Solved – Feed forward Neural Network and MSE issues

backpropagationmseneural networks

I've been implementing a Feed-forward Neural Network in C++ and CUDA. It is a basic Multi-layered Feed Forward ANN, using various activation functions (sigmoid bipolar, tanh, tanh scaled, and soft-sign).

The only training method I've implemented so far is back-propagation, using the Mean Squared Error. When trying it with a simple XOR network, it learns and the MSE is an accurate indicator.

However, when using it with other datasets (all taken from lib FANN) such as abelone or diabetes, the networks fail to learn. The MSE simply goes up and and down, with MSE values ranging between 1.1 and 5.0.

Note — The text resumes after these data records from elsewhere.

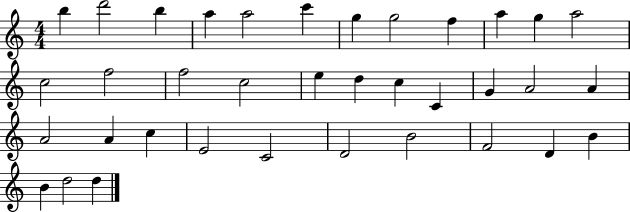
B5/q D6/h B5/q A5/q A5/h C6/q G5/q G5/h F5/q A5/q G5/q A5/h C5/h F5/h F5/h C5/h E5/q D5/q C5/q C4/q G4/q A4/h A4/q A4/h A4/q C5/q E4/h C4/h D4/h B4/h F4/h D4/q B4/q B4/q D5/h D5/q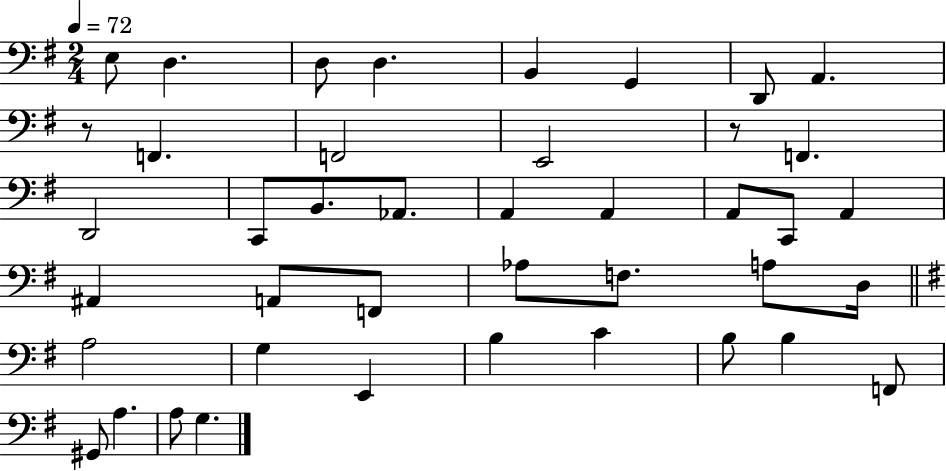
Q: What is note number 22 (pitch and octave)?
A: A#2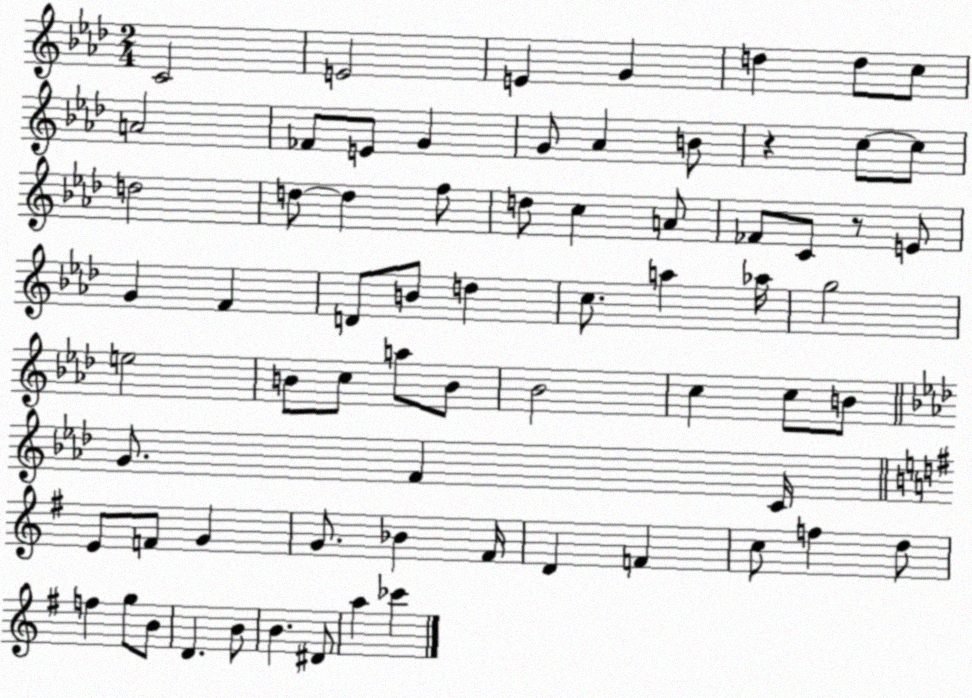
X:1
T:Untitled
M:2/4
L:1/4
K:Ab
C2 E2 E G d d/2 c/2 A2 _F/2 E/2 G G/2 _A B/2 z c/2 c/2 d2 d/2 d f/2 d/2 c A/2 _F/2 C/2 z/2 E/2 G F D/2 B/2 d c/2 a _a/4 g2 e2 B/2 c/2 a/2 B/2 _B2 c c/2 B/2 G/2 F C/4 E/2 F/2 G G/2 _B ^F/4 D F c/2 f d/2 f g/2 B/2 D B/2 B ^D/2 a _c'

The way I've implemented MSE, is as dictated by Jeff Heaton's YouTube videos and in specific this video. In fact I used all his videos to implement that library.

The actual formula is:

$\frac{1}{n}\sum (i-a)^2$

Where i is the ideal output and a is the actual output, and n is the amount of samples (or patterns).

Algorithmically therefore, I simply calculate for each output node, then the difference between the actual output value and the ideal output value, square it (note for each output, and for each pattern) and then sum all squared differences.
Finally, I divide the sum by the amount of patterns/samples.
However, in order to scale it for networks with more than one output, my formula is essentially:

$\frac{1}{(n * o)}\sum_{o = nodes}^{n=samples} (ideal-actual)^2$

Where o is the network's output nodes.

I understand that back-propagation can get stuck in local minima, and that figuring out the learning rate $\epsilon$ and momentum $\alpha$ can be a black art.

An example of my current problem is shown in the plot below: the Diabetes data-set MSE from 90000 Epochs, $\epsilon = 0.2$ and $\alpha =0.9$. Activation function is tanh.

I do also understand that the network parameters greatly influence the networks, I've used the upper-bound rule for hidden neurons, and this post as a guide to initialize random weights.

My XOR toy-problem works fine, but any other network fails to learn.

In my todo list, I intend to implement the resilient back-propagation algorithm, but for now, I have four simple questions.

Please note, I am not very good with mathematics and formulas.

  1. Is this formula the correct way to calculate MSE?
  2. Why is my MSE fluctuating so much? Why is it going up and down to extreme values? If MSE = 0.25 means 25% error, then when I get 1.30 MSE does it mean that my network has %130 error (is that even possible?)
  3. Should I be investing more time in Resilient Back-Propagation and ignore Back-Prop?
  4. Should I be investing more time in other Error functions, such as Average Cross Entropy?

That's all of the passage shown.